# [SUPPLIED DATA]

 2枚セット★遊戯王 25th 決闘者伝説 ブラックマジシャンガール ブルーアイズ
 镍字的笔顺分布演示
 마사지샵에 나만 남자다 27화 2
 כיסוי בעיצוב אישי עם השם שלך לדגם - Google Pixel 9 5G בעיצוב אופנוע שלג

--

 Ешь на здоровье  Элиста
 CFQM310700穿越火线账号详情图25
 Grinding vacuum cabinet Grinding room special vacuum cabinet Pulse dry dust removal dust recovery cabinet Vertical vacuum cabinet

# [PROBLEM STATEMENT]
All lines above from the one containing "마사지샵에 나만 남자다 27화 2" to the one containing "כיסוי בעיצוב אישי" must be repeated exactly, both lines included, and no others.

# [WRITTEN RESPONSE]
 마사지샵에 나만 남자다 27화 2
 כיסוי בעיצוב אישי עם השם שלך לדגם - Google Pixel 9 5G בעיצוב אופנוע שלג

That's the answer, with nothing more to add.